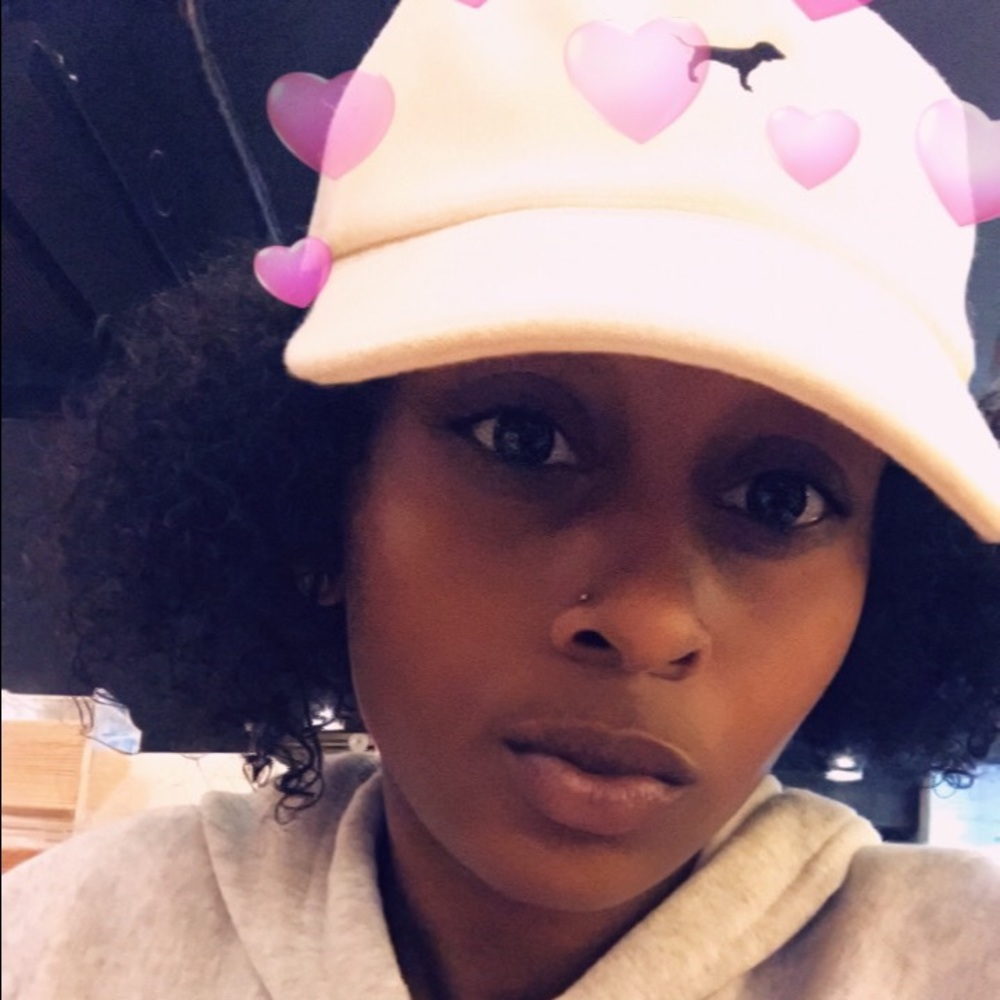 Meet your Posher, Tashana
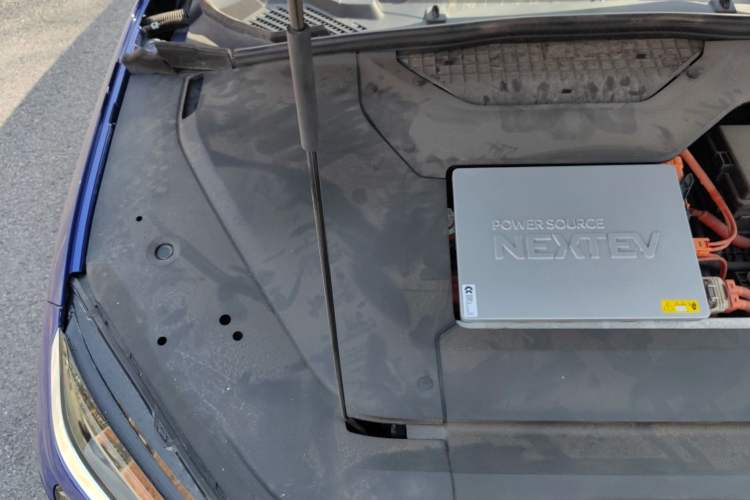 Used Nio EC6 2020 605 km Sport Edition Engine Bay Right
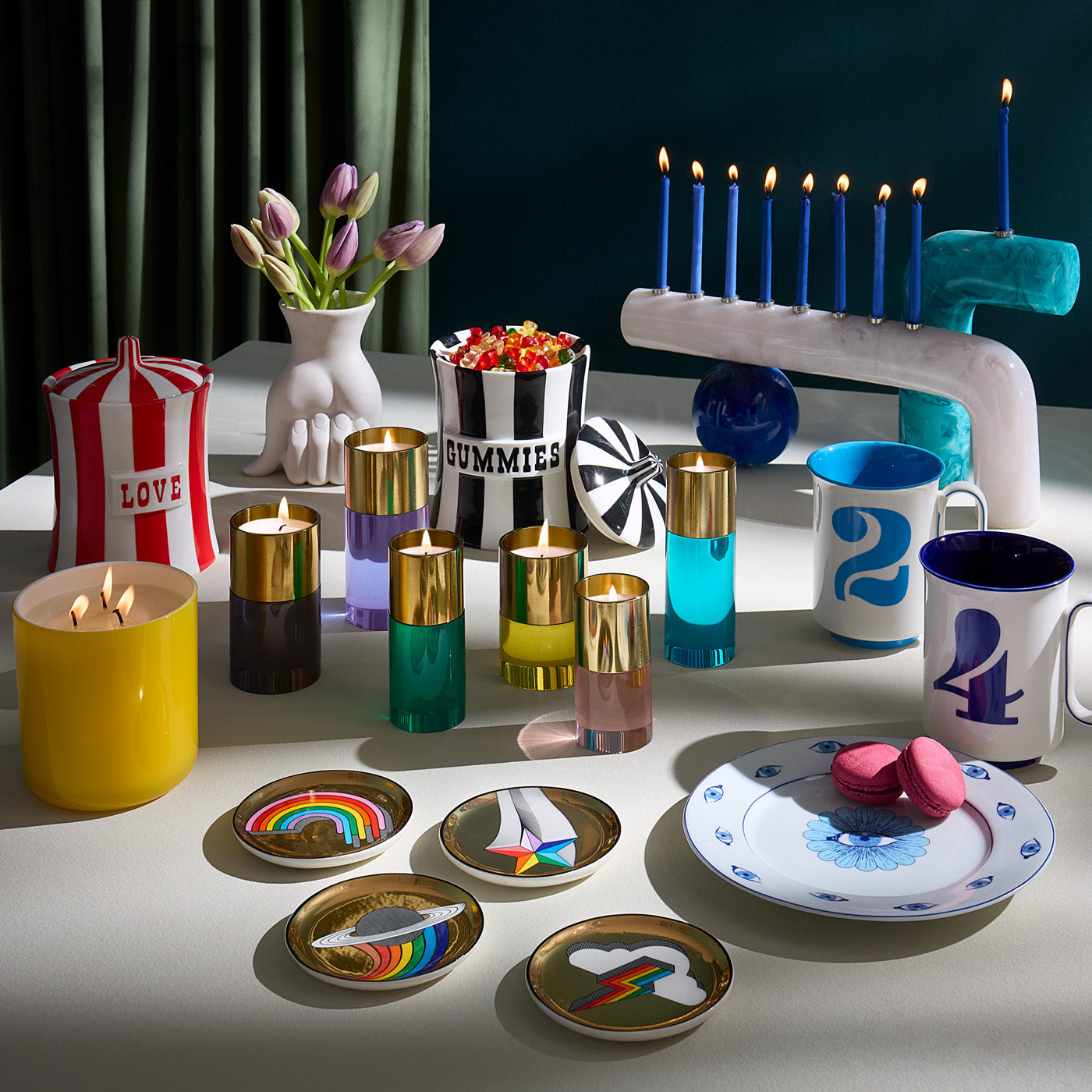 Jonathan Adler Menorah Kerzenständer Como | Weiß & Blau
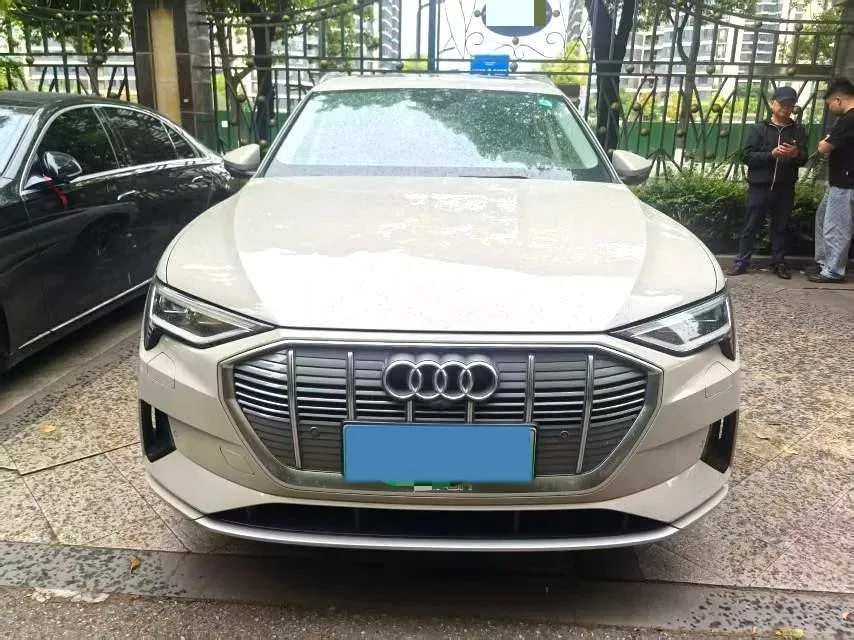 2019 Audi e-tron 2AT BEV 95KWH,autocango,china used car exporter,china ev exporter,chinese used car exporter,chinese used ev exporter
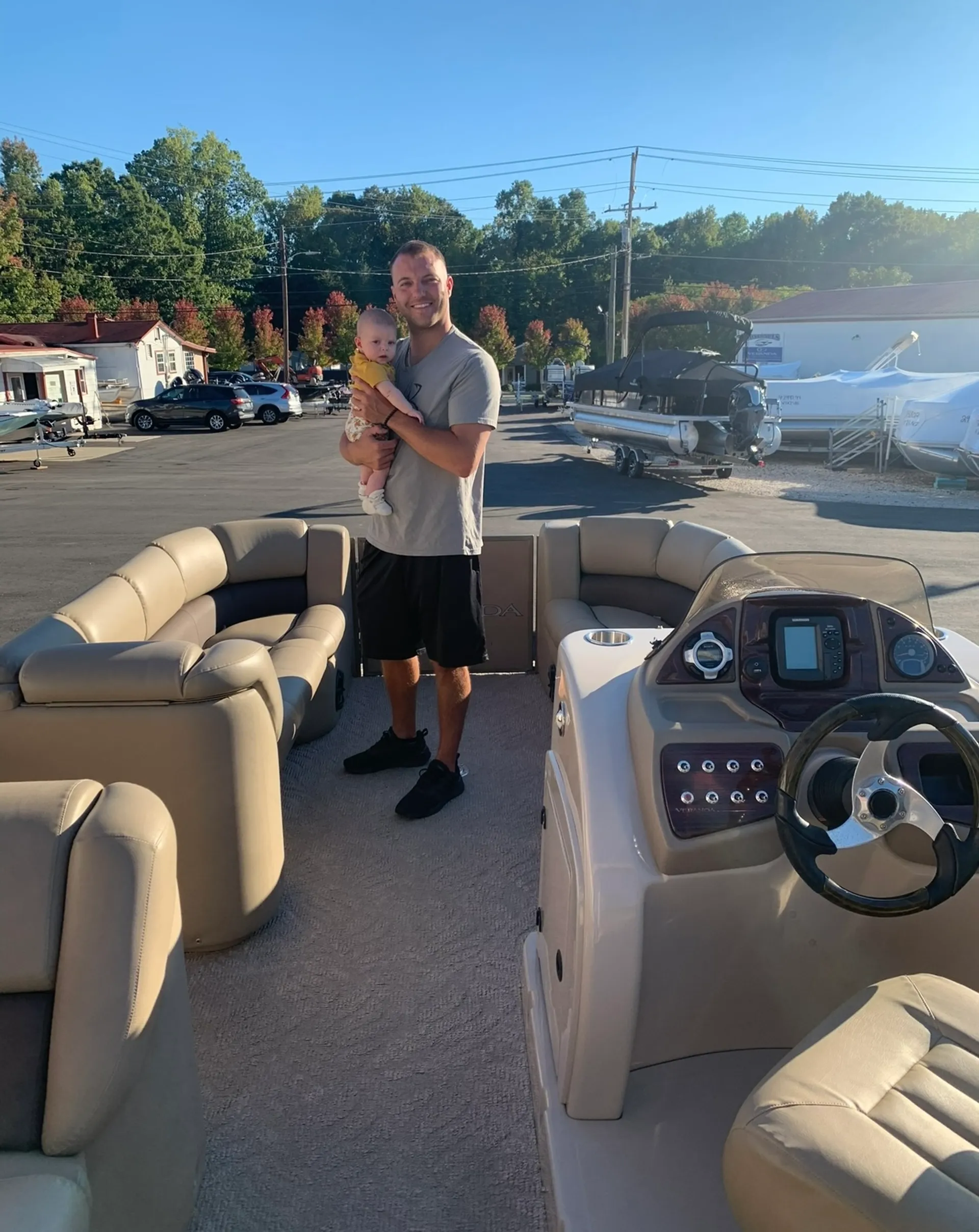 22 FT Veranda Tri-Toon - Lake Wylie, SC (across from Papa Docs)
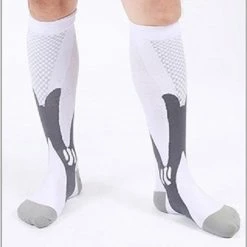 MeditorPlus Sportkousen - Compressiesokken - Compressiekousen - Steunkousen - Hardloopsokken Outdoor Set Van 2 Paar Wit - L/XL -Sportkleding-Dames Winkel 550x560 2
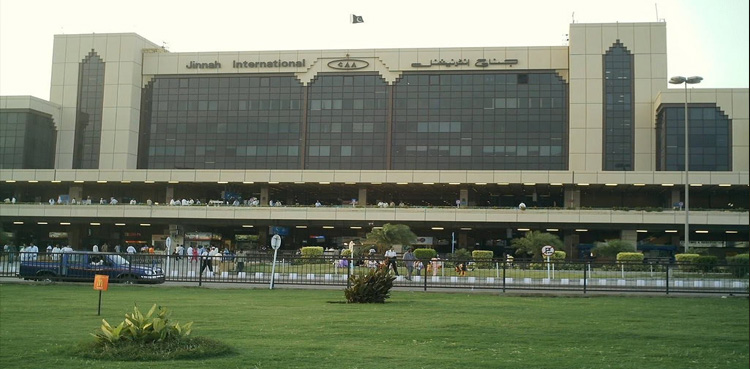 کراچی ایئرپورٹ سے بیرون ملک جانے والے 3 مسافر گرفتار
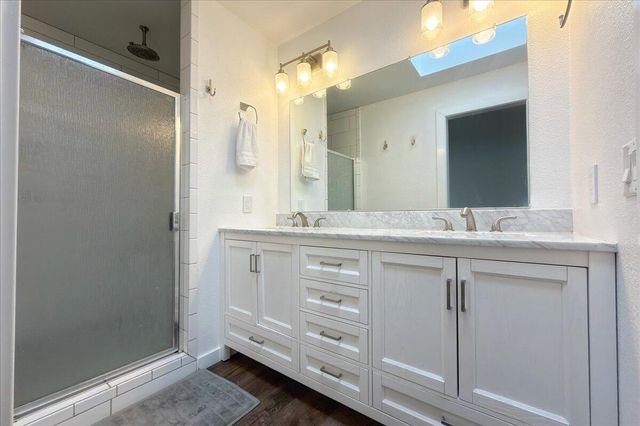 3620 Mary Ellen Street NE, Albuquerque, NM 87111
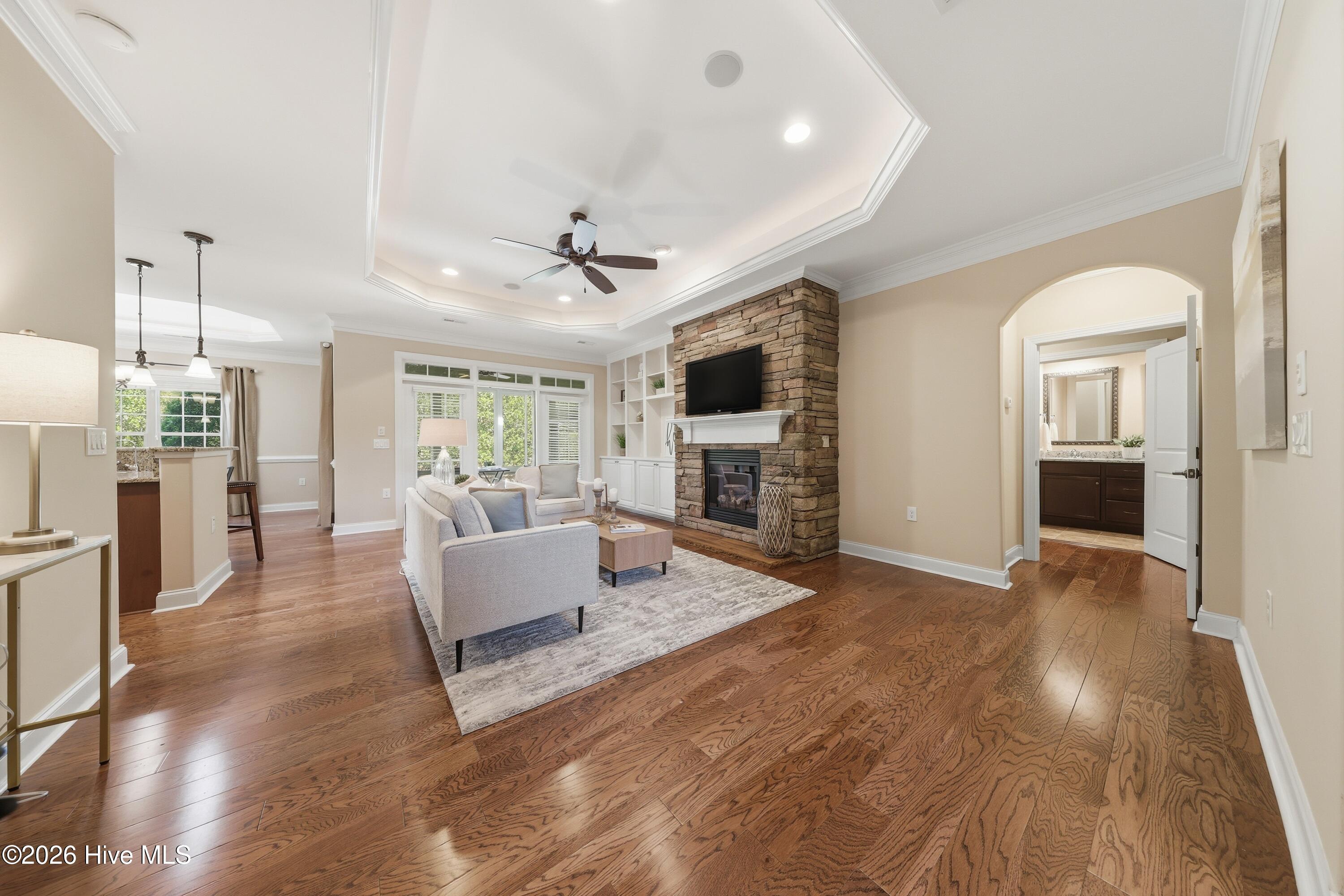 8241 Egret Pointe NE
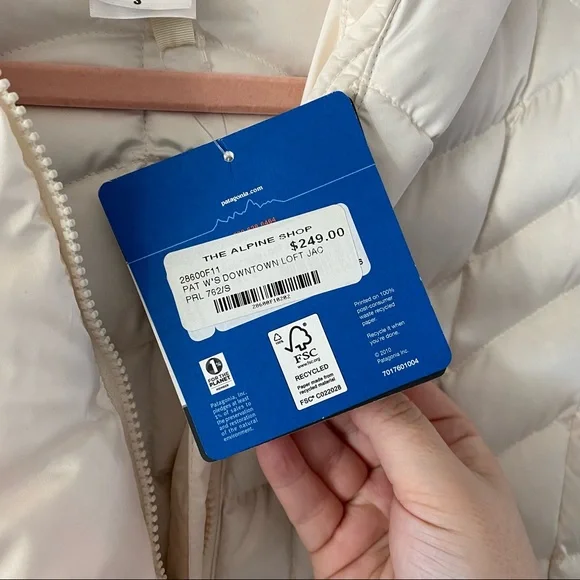 Patagonia Coat NWT Downtown Loft Quilted Jacket - Picture 4 of 6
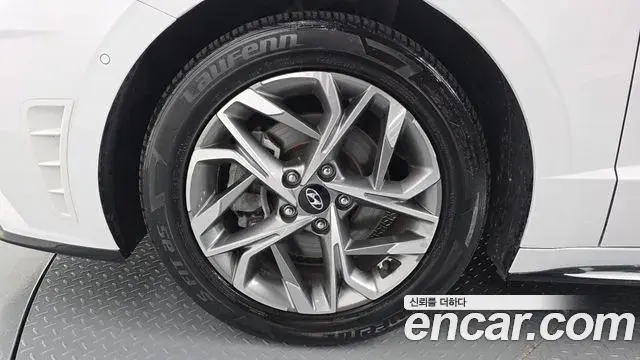 Hyundai Sonata Hybrid 2021 — ფოტო 31/32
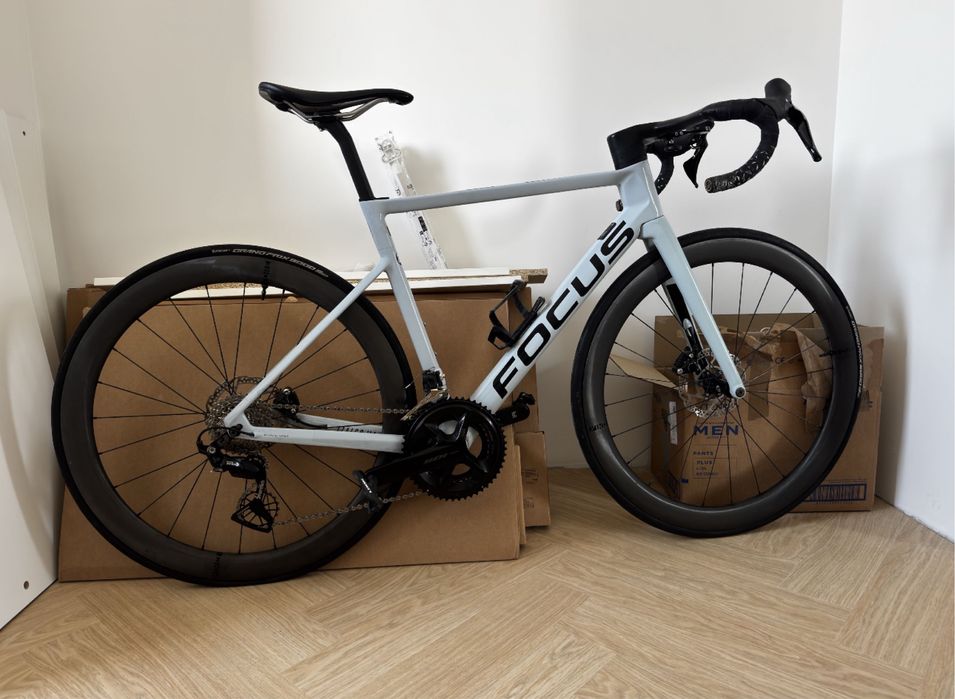 Focus Izalco Max rozm M Vinci Tore 50mm Zintegrowany Kokpit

* **Exercise directions**: A word-for-word copy is needed of the lines from the line holding "22 FT Veranda" through the end of the records, both included, excluding every picture.

* **Task answer**:
 22 FT Veranda Tri-Toon - Lake Wylie, SC (across from Papa Docs)
 MeditorPlus Sportkousen - Compressiesokken - Compressiekousen - Steunkousen - Hardloopsokken Outdoor Set Van 2 Paar Wit - L/XL -Sportkleding-Dames Winkel 550x560 2
 کراچی ایئرپورٹ سے بیرون ملک جانے والے 3 مسافر گرفتار
 3620 Mary Ellen Street NE, Albuquerque, NM 87111
 8241 Egret Pointe NE
 Patagonia Coat NWT Downtown Loft Quilted Jacket - Picture 4 of 6
 Hyundai Sonata Hybrid 2021 — ფოტო 31/32
 Focus Izalco Max rozm M Vinci Tore 50mm Zintegrowany Kokpit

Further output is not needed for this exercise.